-- WORK TO COMPLETE --
Exactly as written, please set down all of the entries again, with no pictures.

-- INPUT RECORDS --
■ ■ ■ ■ ■ ■ ■

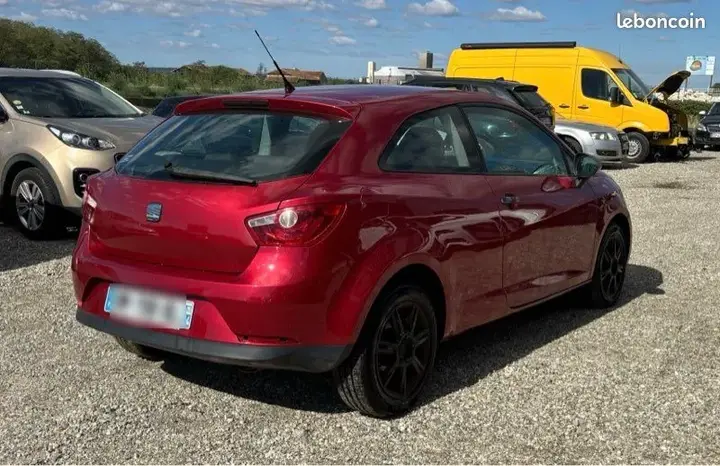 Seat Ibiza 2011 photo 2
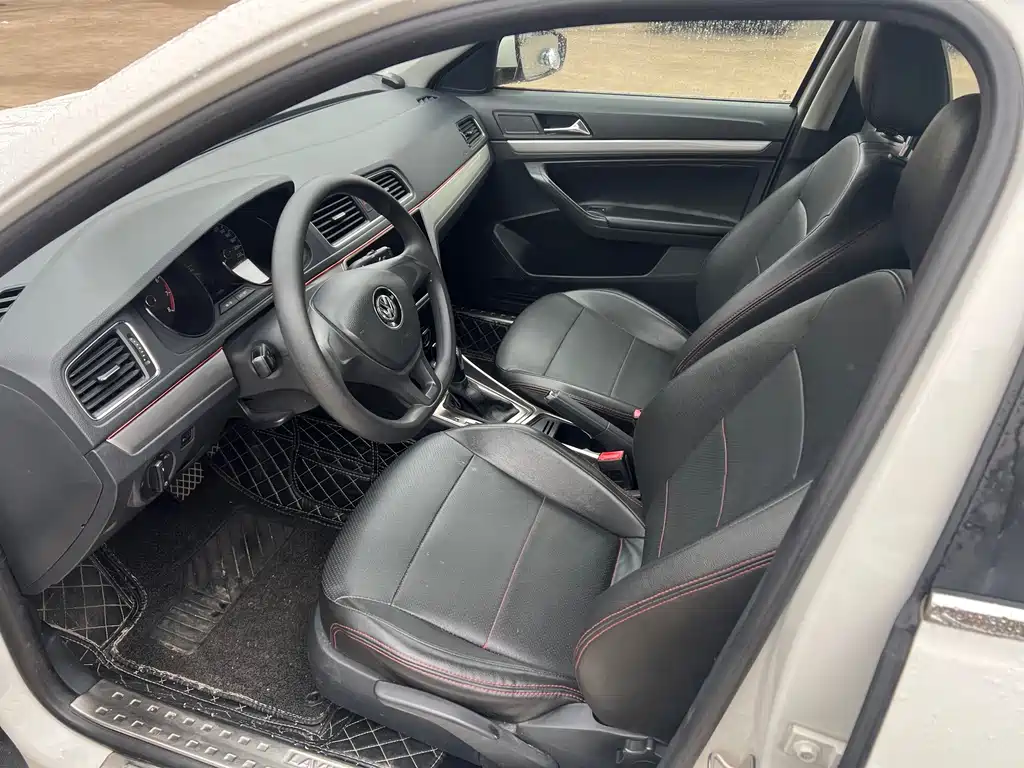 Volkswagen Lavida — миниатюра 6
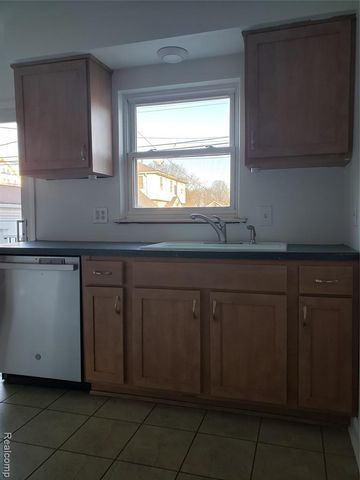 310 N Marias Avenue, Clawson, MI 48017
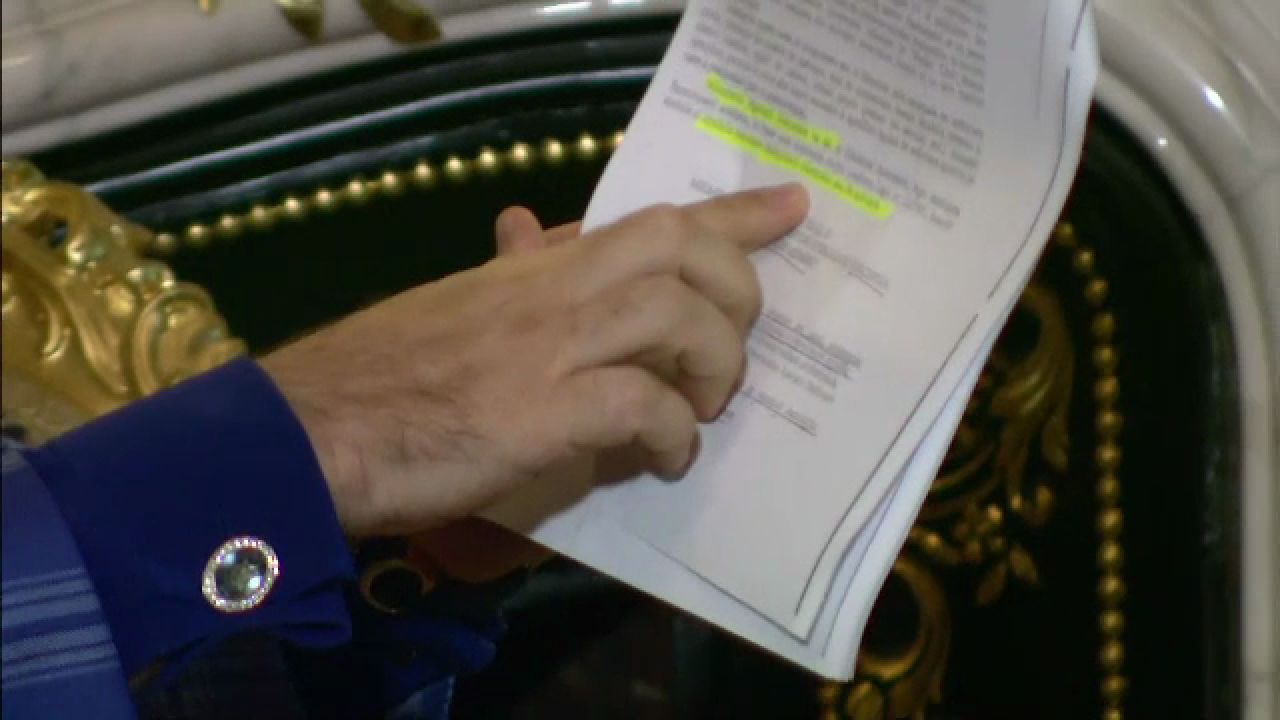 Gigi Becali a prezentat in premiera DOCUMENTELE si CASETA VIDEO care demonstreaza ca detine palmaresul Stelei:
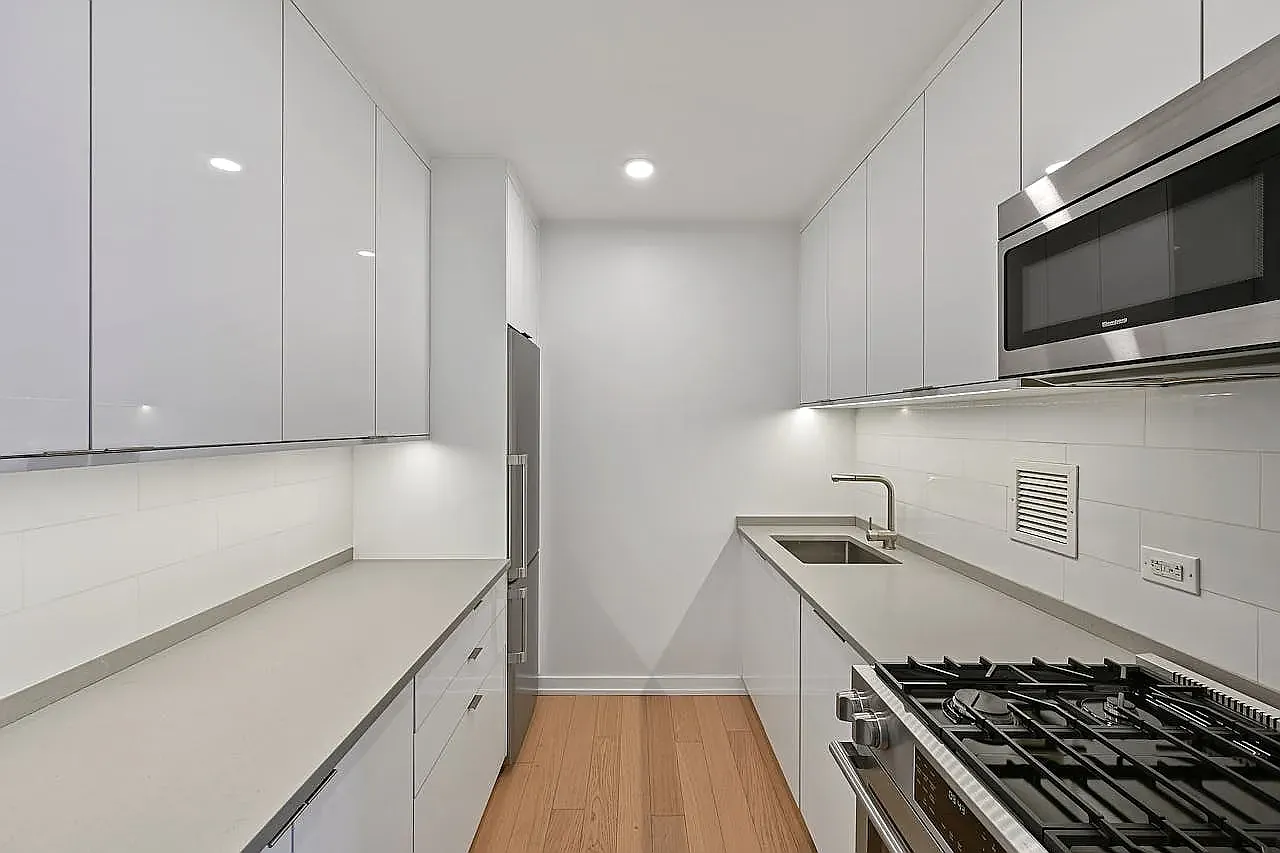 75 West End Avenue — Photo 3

■ ■ ■ ■ ■ ■ ■

-- SOLUTION TO THIS PROBLEM --
 Seat Ibiza 2011 photo 2
 Volkswagen Lavida — миниатюра 6
 310 N Marias Avenue, Clawson, MI 48017
 Gigi Becali a prezentat in premiera DOCUMENTELE si CASETA VIDEO care demonstreaza ca detine palmaresul Stelei:
 75 West End Avenue — Photo 3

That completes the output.